Allah ta’ala mengatakan bahwa kalau Dia mencintai hambaNya maka “jika dia meminta kepada-Ku niscaya Aku akan memberikannya“
Bila Aku telah mencintainya, maka Aku adalah pendengarannya yang digunakannya untuk mendengar, dan penglihatannya yang digunakannya untuk melihat dan tangannya yang digunakannya untuk memukul dan kakinya yang digunakannya untuk berjalan; jika dia meminta kepada-Ku niscaya Aku akan memberikannya, dan jika dia meminta perlindungan kepada-Ku niscaya Aku akan melindunginya”. (H.R.al-Bukhâriy)

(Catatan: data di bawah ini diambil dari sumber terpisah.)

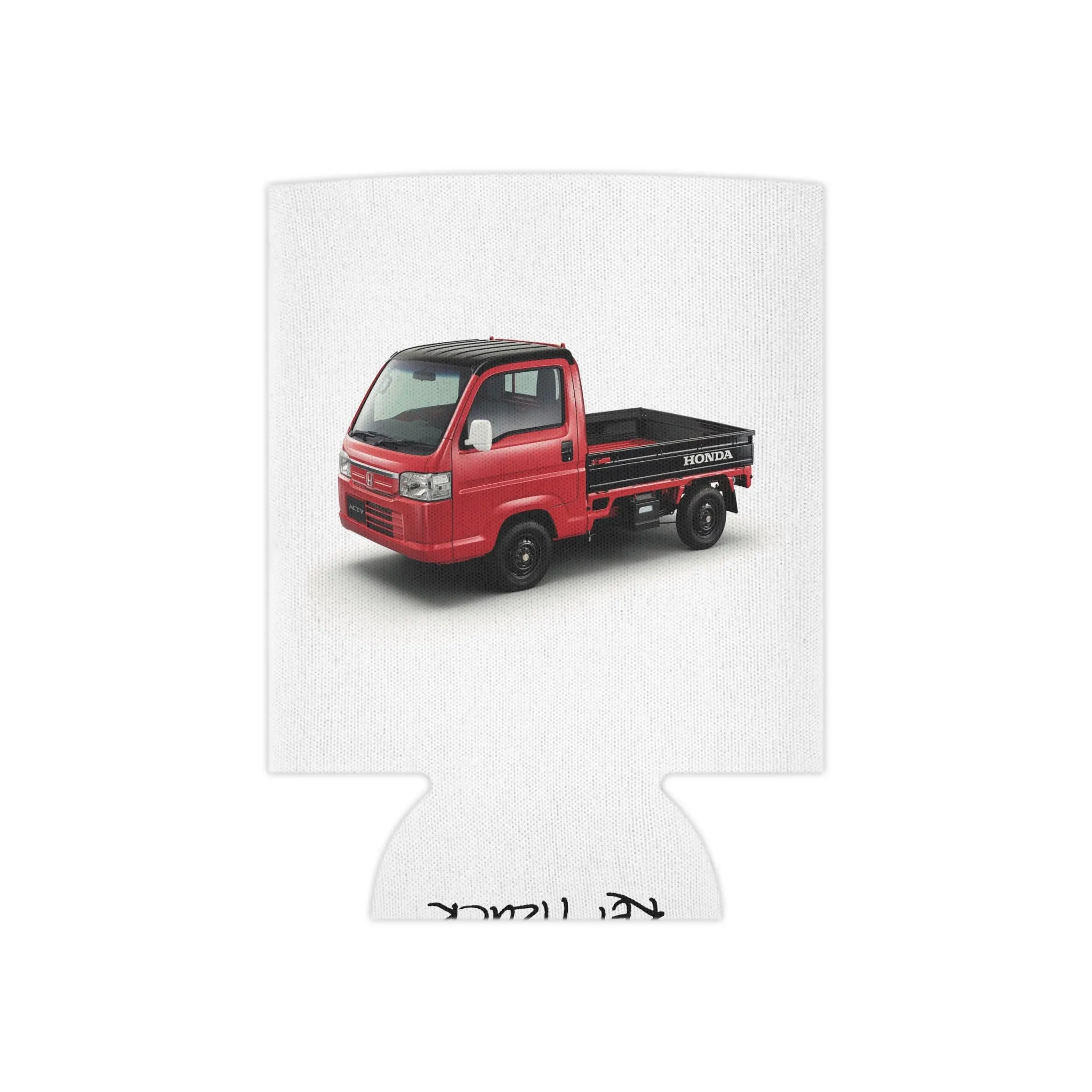 Kei Truck - Can Cooler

Dari hadits tersebut dapat diketahui bahwa Allah ta’ala pasti mengabulkan permintaan/doa dari hambaNya yang telah dicintaiNya atau yang telah mencapai derajat kekasih Allah (Wali Allah).
Kalau kita mau berdoa langsung kepada Allah Azza wa Jalla maka kitapun harus memenuhi adab berdoa itu.
Salah satu adab berdoa adalah bertawasul, bertawasul yang paling sederhana adalah dengan sholawat.
Anas bin Malik r.a meriwayatkan bahwa Nabi Muhammad SAW bersabda: “Tiada doa kecuali terdapat hijab di antaranya dengan di antara langit, hingga bershalawat atas Nabi SAW, maka apabila dibacakan shalawat Nabi, terbukalah hijab dan diterimalah doa tersebut, namun jika tidak demikian, kembalilah doa itu kepada pemohonnya“.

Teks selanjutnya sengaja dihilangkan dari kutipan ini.